In the case of Sabre Corpo, the trend in the interest coverage ratio from 2020 to 2024 has been declining. The interest coverage ratio for Sabre Corpo was -4.65 in 2020, indicating that the company's operating income was not sufficient to cover its interest expenses nearly five times over. This ratio decreased further to -2.69 in 2021, -0.43 in 2022, and then to -0.09 in 2023, indicating a worsening ability to meet interest payments.

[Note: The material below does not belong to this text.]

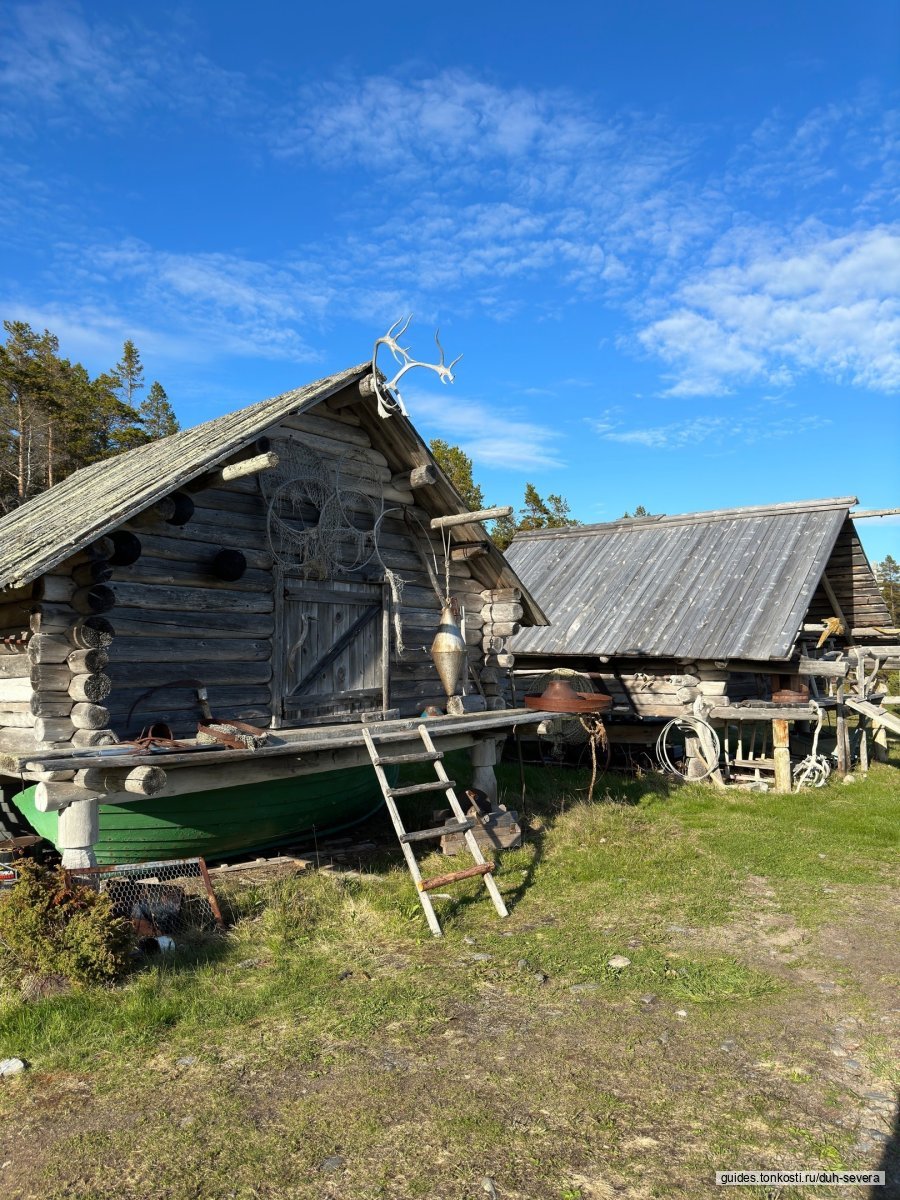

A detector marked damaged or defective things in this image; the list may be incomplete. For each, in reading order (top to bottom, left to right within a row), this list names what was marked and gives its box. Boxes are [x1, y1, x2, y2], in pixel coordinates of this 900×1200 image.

However, there was a slight improvement in 2024, with the interest coverage ratio increasing to 0.45. While this improvement is positive, the ratio is still below 1, suggesting that Sabre Corpo may still be struggling to cover its interest payments with its operating income.
Overall, Sabre Corpo's interest coverage ratio has been concerning, reflecting potential financial distress and a reliance on external financing to cover interest expenses. The company may need to address this issue by improving its operating profitability or restructuring its debt to enhance its financial stability.